Lascia perplessi la sottovalutazione della questione cyber, e questo nonostante due terzi degli intervistati (65%) si dichiari più preoccupato per le possibili data breach oggi rispetto a due anni fa. Del resto secondo un rapporto dell’identity Theft Resource Center e della società di protezione dai furti di identità CyberScout, il numero di violazioni è salito del 29% anno su anno per la prima metà del 2017. E Cybersecurity Ventures prevede che i danni prodotti dai ransomware potrebbero raggiungere gli 11,5 miliardi di dollari nel 2019 sul piano globale (+ 35,4 volte rispetto al 2015). Nonostante questi valori, un intervistato su quattro (27%) dichiara di non essere né più né meno preoccupato del passato per la minaccia cyber, e addirittura l’8% si dichiara meno preoccupato. Questa apparente seraficità si può forse attribuire – e sarebbe auspicabile - al rafforzamento dei sistemi e delle procedure di sicurezza avvenuti sotto la spinta del GDPR. Quel che è certo è che ancora la cultura della sicurezza cyber è scarsa. E di chi sarebbe la colpa?

COLPA DI CHI?

Non dei produttori, ritenuti solo dal 6% degli intervistati poco informati sui rischi cyber, e nemmeno dei distributori o dei consulenti: sarebbero gli utenti finali l’anello debole della catena (48%). E fin qui ci sta. Quello che non ci sta è che la seconda categoria ritenuta poco informata sia l’installatore (22%). E questo non solo perché l’installatore fa parte della catena del valore, quindi dovrebbe essere consapevole dei rischi cyber, ma soprattutto perché è lui ad avere il contatto diretto con l’utente finale, quindi dovrebbe essere lui il soggetto chiave di questa necessaria rivoluzione culturale.
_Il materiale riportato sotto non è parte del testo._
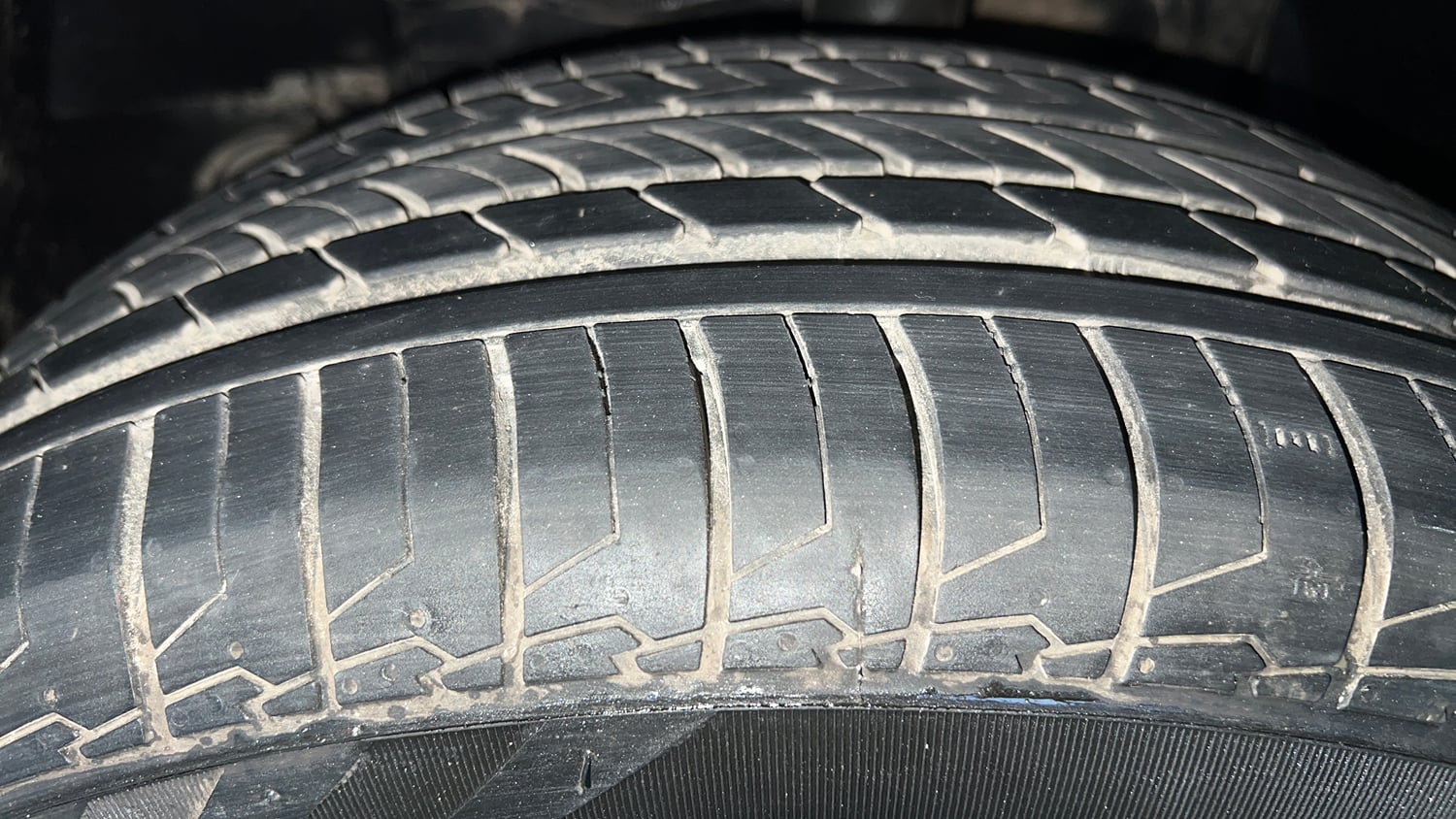 Used 2021 Tata Nexon XZA Plus Diesel Diesel Automatic tyres LEFT FRONT TYRE TREAD VIEW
Si spera che, sotto la spinta quanto meno delle severe multe del GDPR, anche gli installatori comincino a porre attenzione alla questione cyber. E questo anche se l’utente non se ne cura o non ne vuole nemmeno sentir parlare, perchè le responsabilità dell’operatore prescindono dalle reazioni del suo cliente.

RISOLUZIONE E STORAGE

Quanto alla ricerca di risoluzione, motivo - come visto - principale di upgrade del sistema TVCC, se lo scorso anno solo l’11% degli intervistati dichiarava di avere installato telecamere a risoluzione 4K, il 71% dei restanti aveva già però in animo di acquisirle in tempi brevi. Quest’anno il dato rilevante è che il 40% del mercato dispone già di telecamere a risoluzione 2MP e il 98% dei restanti ha intende farlo entro i prossimi cinque anni. E anche chi ha risoluzioni a 2MP non si accontenta: un intervistato su quattro intende infatti già nei prossimi 12 mesi approdare a risoluzioni ben maggiori. Ottimo. Ma come la mettiamo con lo storage? La maggioranza degli intervistati preferisce passare a telecamere con tecnologia di compressione migliore invece di aggiornare il sistema di archiviazione (41% contro 35%). Tra gli algoritmi, l’H.265 doppio codec pare essere la scelta più popolare tra gli utenti finali, presumibilmente perché non richiede degli immediati aggiornamenti hardware. Il doppio codec può infatti ospitare sia l’H.265, sia l’H.264. Riducendo la larghezza di banda e il consumo di storage di circa il 50%, l’H265 rappresenta un notevole passo avanti.